Ketika Perang Dunia I berlangsung, sekitar 5,000 hingga 6,000 tentara Prancis diangkut ke medan perang untuk membendung arus maju bala tentrara Jerman dengan taksi. Angkutan itu kemudian dikenal sebagai Taksi de la Marne. Ratusan taksi yang diambil alih oleh pihak militer mengangkut tentara ke medan laga, sebuah tugas yang penuh mara bahaya. Ibukota Paris berhasil diselamatkan dari invasi Jerman – dan semuanya karena peran penting taksi.

Di era Konfrontasi di Indonesia, Peperda (Penguasa Perang Daerah) sering melakukan apa yang dikenal dengan istilah rekorasi dimana mereka meminjam mobil-mobil milik pengusaha swasta. Hal ini dilakukan untuk revolusi, dan ketika itu, metode yang digunakan sungguh beragam. 
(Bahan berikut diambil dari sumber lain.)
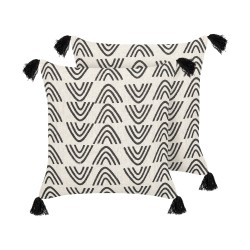 Zestaw 2 poduszek dekoracyjnych MAYS Bawełna 45 x 45 cm Biały Wzór geometryczny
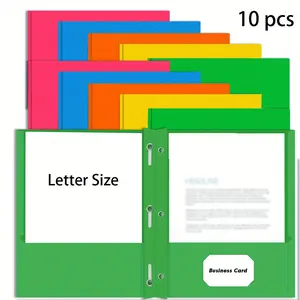 Two pocket folders, 10 packs, two pockets with claws, folder business card holder with pins, suitable for letter size paper, suitable for office home business file cabinet resume combination- 5 Colors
Mungkin cukup banyak yang belum pernah mendengar bahwa Abu Nawas pun pernah memiliki “taksi” dalam bentuk seekor keledai yang biasanya dia sewakan untuk mengangkut manusia atau barang.

Suatu kali seseorang yang tidak dikenalnya menyewa keledai Abu Nawas untuk perjalanan yang cukup jauh. Setelah terdapat kesepakatan mengenai harga, Abu Nawas teringat tentang kemungkinan bahwa keledainya itu bisa-bisa tidak dikembalikan kepadanya setelah sampai di tujuan. Ia memutuskan untuk ikut mengantarkan penyewa keledai tersebut.

Sesampainya di paruh perjalanan, mereka berdua pun kepanasan karena teriknya sinar matahari di puncak tengah hari. Akhirnya, mereka pun bersepakat untuk istirahat sejenak. Abu Nawas menambat keledainya di batu di pinggir jalan dan duduk dalam bayangan sang keledai guna menghindari panas matahari Irak yang begitu menyengat. Ketika penyewa keledai hendak duduk menyertainya dalam bayangan keledai, Abu Nawas berkeberatan. Katanya, “Anda hanya menyewa keledai saya, bukan beserta bayangannya!”

Mungkin diperlukan keahlian hukum seorang pokrol bambu untuk menuntaskan perkara ini.